[DATA]

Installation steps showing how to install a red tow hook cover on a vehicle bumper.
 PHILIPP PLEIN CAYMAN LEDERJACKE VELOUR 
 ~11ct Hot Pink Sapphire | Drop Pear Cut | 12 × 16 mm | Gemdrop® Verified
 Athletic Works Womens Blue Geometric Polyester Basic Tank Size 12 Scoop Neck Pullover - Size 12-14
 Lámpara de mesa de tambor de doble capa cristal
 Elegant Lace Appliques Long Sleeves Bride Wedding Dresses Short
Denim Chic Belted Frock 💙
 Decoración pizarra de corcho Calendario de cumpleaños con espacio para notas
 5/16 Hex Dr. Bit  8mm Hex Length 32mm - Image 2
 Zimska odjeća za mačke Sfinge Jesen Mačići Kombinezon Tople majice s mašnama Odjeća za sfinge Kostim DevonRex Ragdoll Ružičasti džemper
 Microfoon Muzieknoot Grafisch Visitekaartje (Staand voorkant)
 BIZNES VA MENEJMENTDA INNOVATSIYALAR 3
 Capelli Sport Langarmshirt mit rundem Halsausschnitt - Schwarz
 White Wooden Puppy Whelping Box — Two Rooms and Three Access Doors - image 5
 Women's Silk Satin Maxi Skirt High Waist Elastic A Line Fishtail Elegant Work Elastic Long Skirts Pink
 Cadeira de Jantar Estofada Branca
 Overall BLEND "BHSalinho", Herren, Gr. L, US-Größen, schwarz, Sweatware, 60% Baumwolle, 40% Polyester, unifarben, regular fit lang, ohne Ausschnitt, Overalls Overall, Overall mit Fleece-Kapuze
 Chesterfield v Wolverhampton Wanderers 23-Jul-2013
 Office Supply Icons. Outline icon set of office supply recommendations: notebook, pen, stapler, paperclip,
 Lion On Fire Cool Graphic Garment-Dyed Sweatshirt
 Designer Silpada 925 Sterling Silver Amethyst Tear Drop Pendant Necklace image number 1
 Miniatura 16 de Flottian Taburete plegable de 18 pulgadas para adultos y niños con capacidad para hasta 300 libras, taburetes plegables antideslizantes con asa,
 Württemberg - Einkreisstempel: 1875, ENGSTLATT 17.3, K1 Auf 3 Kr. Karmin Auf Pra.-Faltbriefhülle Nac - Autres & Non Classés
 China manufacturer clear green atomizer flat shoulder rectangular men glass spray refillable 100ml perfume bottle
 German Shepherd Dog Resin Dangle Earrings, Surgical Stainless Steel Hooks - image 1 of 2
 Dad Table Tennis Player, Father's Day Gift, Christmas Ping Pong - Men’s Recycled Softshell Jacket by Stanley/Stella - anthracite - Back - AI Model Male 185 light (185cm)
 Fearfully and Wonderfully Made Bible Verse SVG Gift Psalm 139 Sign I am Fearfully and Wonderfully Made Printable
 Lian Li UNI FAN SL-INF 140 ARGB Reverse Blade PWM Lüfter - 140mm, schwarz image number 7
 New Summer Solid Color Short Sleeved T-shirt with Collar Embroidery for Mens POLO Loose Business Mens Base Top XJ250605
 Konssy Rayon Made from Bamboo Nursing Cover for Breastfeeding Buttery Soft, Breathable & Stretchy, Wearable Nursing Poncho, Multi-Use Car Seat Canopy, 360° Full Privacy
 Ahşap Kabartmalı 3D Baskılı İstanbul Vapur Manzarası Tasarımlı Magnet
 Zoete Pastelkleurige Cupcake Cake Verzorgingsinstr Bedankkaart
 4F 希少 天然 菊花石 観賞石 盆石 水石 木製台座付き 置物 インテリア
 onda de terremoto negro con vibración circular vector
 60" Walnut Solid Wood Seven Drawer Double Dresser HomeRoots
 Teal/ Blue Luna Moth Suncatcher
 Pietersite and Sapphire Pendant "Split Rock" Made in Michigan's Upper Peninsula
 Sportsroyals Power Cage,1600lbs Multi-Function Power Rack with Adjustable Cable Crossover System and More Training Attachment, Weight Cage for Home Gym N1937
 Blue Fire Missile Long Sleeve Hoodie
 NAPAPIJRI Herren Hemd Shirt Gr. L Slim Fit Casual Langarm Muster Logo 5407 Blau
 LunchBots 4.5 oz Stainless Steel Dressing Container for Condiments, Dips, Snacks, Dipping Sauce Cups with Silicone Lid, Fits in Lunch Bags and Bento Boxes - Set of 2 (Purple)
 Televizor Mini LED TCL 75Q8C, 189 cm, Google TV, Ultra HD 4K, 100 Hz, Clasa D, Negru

[/DATA]

- _WORK ITEM_:
Using the data above, reproduce exactly the lines from the line that contains "BIZNES VA MENEJMENTDA INNOVATSIYALAR 3" through the line that contains "Konssy Rayon Made", including both.

- _TASK ANSWER_:
 BIZNES VA MENEJMENTDA INNOVATSIYALAR 3
 Capelli Sport Langarmshirt mit rundem Halsausschnitt - Schwarz
 White Wooden Puppy Whelping Box — Two Rooms and Three Access Doors - image 5
 Women's Silk Satin Maxi Skirt High Waist Elastic A Line Fishtail Elegant Work Elastic Long Skirts Pink
 Cadeira de Jantar Estofada Branca
 Overall BLEND "BHSalinho", Herren, Gr. L, US-Größen, schwarz, Sweatware, 60% Baumwolle, 40% Polyester, unifarben, regular fit lang, ohne Ausschnitt, Overalls Overall, Overall mit Fleece-Kapuze
 Chesterfield v Wolverhampton Wanderers 23-Jul-2013
 Office Supply Icons. Outline icon set of office supply recommendations: notebook, pen, stapler, paperclip,
 Lion On Fire Cool Graphic Garment-Dyed Sweatshirt
 Designer Silpada 925 Sterling Silver Amethyst Tear Drop Pendant Necklace image number 1
 Miniatura 16 de Flottian Taburete plegable de 18 pulgadas para adultos y niños con capacidad para hasta 300 libras, taburetes plegables antideslizantes con asa,
 Württemberg - Einkreisstempel: 1875, ENGSTLATT 17.3, K1 Auf 3 Kr. Karmin Auf Pra.-Faltbriefhülle Nac - Autres & Non Classés
 China manufacturer clear green atomizer flat shoulder rectangular men glass spray refillable 100ml perfume bottle
 German Shepherd Dog Resin Dangle Earrings, Surgical Stainless Steel Hooks - image 1 of 2
 Dad Table Tennis Player, Father's Day Gift, Christmas Ping Pong - Men’s Recycled Softshell Jacket by Stanley/Stella - anthracite - Back - AI Model Male 185 light (185cm)
 Fearfully and Wonderfully Made Bible Verse SVG Gift Psalm 139 Sign I am Fearfully and Wonderfully Made Printable
 Lian Li UNI FAN SL-INF 140 ARGB Reverse Blade PWM Lüfter - 140mm, schwarz image number 7
 New Summer Solid Color Short Sleeved T-shirt with Collar Embroidery for Mens POLO Loose Business Mens Base Top XJ250605
 Konssy Rayon Made from Bamboo Nursing Cover for Breastfeeding Buttery Soft, Breathable & Stretchy, Wearable Nursing Poncho, Multi-Use Car Seat Canopy, 360° Full Privacy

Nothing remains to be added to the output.